■ Input for this task ■
=== Begin Enclosure ===

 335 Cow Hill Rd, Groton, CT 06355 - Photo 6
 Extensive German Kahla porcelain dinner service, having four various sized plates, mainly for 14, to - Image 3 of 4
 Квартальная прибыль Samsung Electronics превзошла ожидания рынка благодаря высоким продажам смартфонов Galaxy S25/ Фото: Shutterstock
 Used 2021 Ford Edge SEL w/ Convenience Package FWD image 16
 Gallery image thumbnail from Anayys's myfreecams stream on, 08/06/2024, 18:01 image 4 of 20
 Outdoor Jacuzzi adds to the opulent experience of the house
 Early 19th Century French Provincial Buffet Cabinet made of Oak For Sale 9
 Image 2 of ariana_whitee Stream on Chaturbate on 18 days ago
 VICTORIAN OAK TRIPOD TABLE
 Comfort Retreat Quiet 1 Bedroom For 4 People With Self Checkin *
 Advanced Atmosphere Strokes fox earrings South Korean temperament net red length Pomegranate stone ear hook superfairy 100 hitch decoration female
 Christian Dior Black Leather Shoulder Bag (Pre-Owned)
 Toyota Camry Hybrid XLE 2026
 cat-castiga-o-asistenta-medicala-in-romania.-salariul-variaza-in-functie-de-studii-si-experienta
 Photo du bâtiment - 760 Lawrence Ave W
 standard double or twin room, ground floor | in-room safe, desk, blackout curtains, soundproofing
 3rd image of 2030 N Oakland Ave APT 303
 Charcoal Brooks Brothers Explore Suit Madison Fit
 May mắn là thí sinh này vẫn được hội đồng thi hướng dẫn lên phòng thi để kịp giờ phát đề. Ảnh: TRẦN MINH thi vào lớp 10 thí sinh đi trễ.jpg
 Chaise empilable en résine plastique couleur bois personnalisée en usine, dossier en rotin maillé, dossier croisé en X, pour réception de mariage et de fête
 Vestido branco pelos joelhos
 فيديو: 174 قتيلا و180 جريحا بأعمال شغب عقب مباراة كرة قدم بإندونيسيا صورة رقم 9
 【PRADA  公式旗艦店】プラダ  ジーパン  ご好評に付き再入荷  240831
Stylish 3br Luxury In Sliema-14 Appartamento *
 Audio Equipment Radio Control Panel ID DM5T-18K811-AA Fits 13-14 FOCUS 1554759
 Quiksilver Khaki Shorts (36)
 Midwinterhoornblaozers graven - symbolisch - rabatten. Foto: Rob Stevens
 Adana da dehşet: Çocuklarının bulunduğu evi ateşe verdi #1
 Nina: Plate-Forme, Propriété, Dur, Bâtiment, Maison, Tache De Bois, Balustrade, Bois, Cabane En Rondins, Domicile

=== End Enclosure ===

■ Try it ■
All of the material is to be retyped verbatim.

■ Exercise solution ■
 335 Cow Hill Rd, Groton, CT 06355 - Photo 6
 Extensive German Kahla porcelain dinner service, having four various sized plates, mainly for 14, to - Image 3 of 4
 Квартальная прибыль Samsung Electronics превзошла ожидания рынка благодаря высоким продажам смартфонов Galaxy S25/ Фото: Shutterstock
 Used 2021 Ford Edge SEL w/ Convenience Package FWD image 16
 Gallery image thumbnail from Anayys's myfreecams stream on, 08/06/2024, 18:01 image 4 of 20
 Outdoor Jacuzzi adds to the opulent experience of the house
 Early 19th Century French Provincial Buffet Cabinet made of Oak For Sale 9
 Image 2 of ariana_whitee Stream on Chaturbate on 18 days ago
 VICTORIAN OAK TRIPOD TABLE
 Comfort Retreat Quiet 1 Bedroom For 4 People With Self Checkin *
 Advanced Atmosphere Strokes fox earrings South Korean temperament net red length Pomegranate stone ear hook superfairy 100 hitch decoration female
 Christian Dior Black Leather Shoulder Bag (Pre-Owned)
 Toyota Camry Hybrid XLE 2026
 cat-castiga-o-asistenta-medicala-in-romania.-salariul-variaza-in-functie-de-studii-si-experienta
 Photo du bâtiment - 760 Lawrence Ave W
 standard double or twin room, ground floor | in-room safe, desk, blackout curtains, soundproofing
 3rd image of 2030 N Oakland Ave APT 303
 Charcoal Brooks Brothers Explore Suit Madison Fit
 May mắn là thí sinh này vẫn được hội đồng thi hướng dẫn lên phòng thi để kịp giờ phát đề. Ảnh: TRẦN MINH thi vào lớp 10 thí sinh đi trễ.jpg
 Chaise empilable en résine plastique couleur bois personnalisée en usine, dossier en rotin maillé, dossier croisé en X, pour réception de mariage et de fête
 Vestido branco pelos joelhos
 فيديو: 174 قتيلا و180 جريحا بأعمال شغب عقب مباراة كرة قدم بإندونيسيا صورة رقم 9
 【PRADA  公式旗艦店】プラダ  ジーパン  ご好評に付き再入荷  240831
Stylish 3br Luxury In Sliema-14 Appartamento *
 Audio Equipment Radio Control Panel ID DM5T-18K811-AA Fits 13-14 FOCUS 1554759
 Quiksilver Khaki Shorts (36)
 Midwinterhoornblaozers graven - symbolisch - rabatten. Foto: Rob Stevens
 Adana da dehşet: Çocuklarının bulunduğu evi ateşe verdi #1
 Nina: Plate-Forme, Propriété, Dur, Bâtiment, Maison, Tache De Bois, Balustrade, Bois, Cabane En Rondins, Domicile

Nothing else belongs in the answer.